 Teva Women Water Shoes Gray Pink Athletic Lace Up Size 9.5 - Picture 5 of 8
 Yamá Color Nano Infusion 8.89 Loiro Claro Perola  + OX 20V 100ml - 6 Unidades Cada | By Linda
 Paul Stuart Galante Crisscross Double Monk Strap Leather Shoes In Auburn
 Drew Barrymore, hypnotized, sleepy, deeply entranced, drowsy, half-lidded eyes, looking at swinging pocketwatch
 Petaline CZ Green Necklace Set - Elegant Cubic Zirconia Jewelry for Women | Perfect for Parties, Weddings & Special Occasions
---
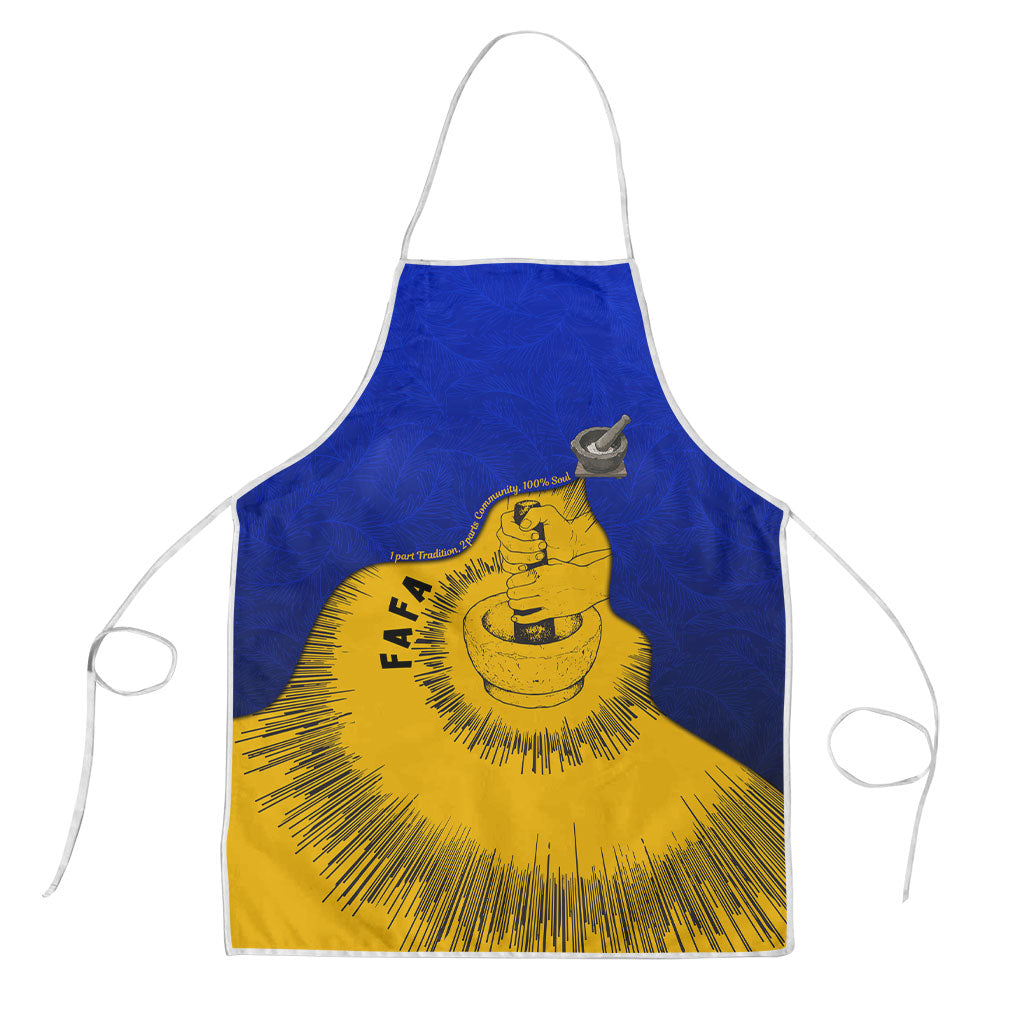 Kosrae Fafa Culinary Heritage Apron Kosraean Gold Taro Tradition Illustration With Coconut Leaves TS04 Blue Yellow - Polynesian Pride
---
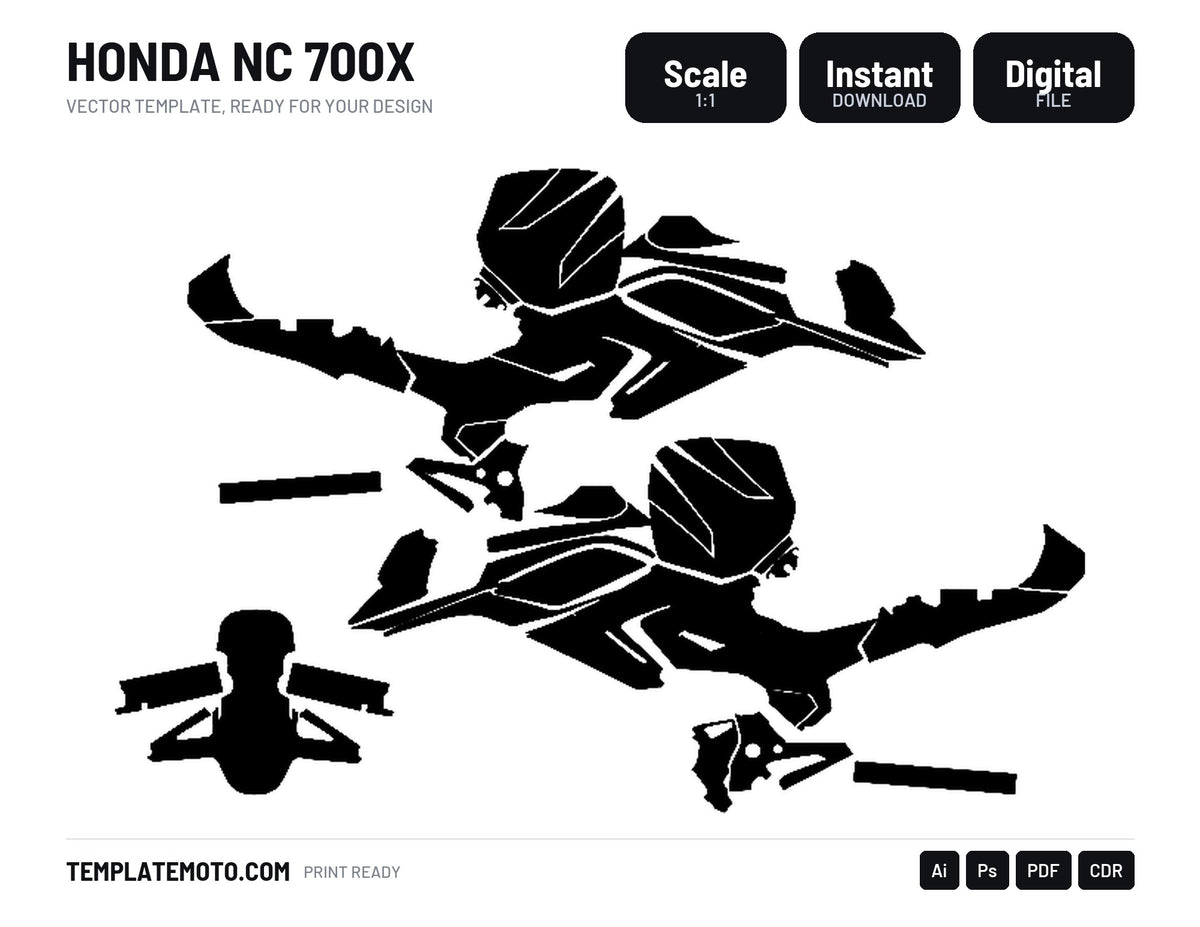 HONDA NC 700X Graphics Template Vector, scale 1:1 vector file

Exercise aim »
Only one stretch of the entries above is wanted: the lines from the one containing "Paul Stuart Galante" through the one containing "Petaline CZ Green". Please reproduce it exactly.

Reply »
 Paul Stuart Galante Crisscross Double Monk Strap Leather Shoes In Auburn
 Drew Barrymore, hypnotized, sleepy, deeply entranced, drowsy, half-lidded eyes, looking at swinging pocketwatch
 Petaline CZ Green Necklace Set - Elegant Cubic Zirconia Jewelry for Women | Perfect for Parties, Weddings & Special Occasions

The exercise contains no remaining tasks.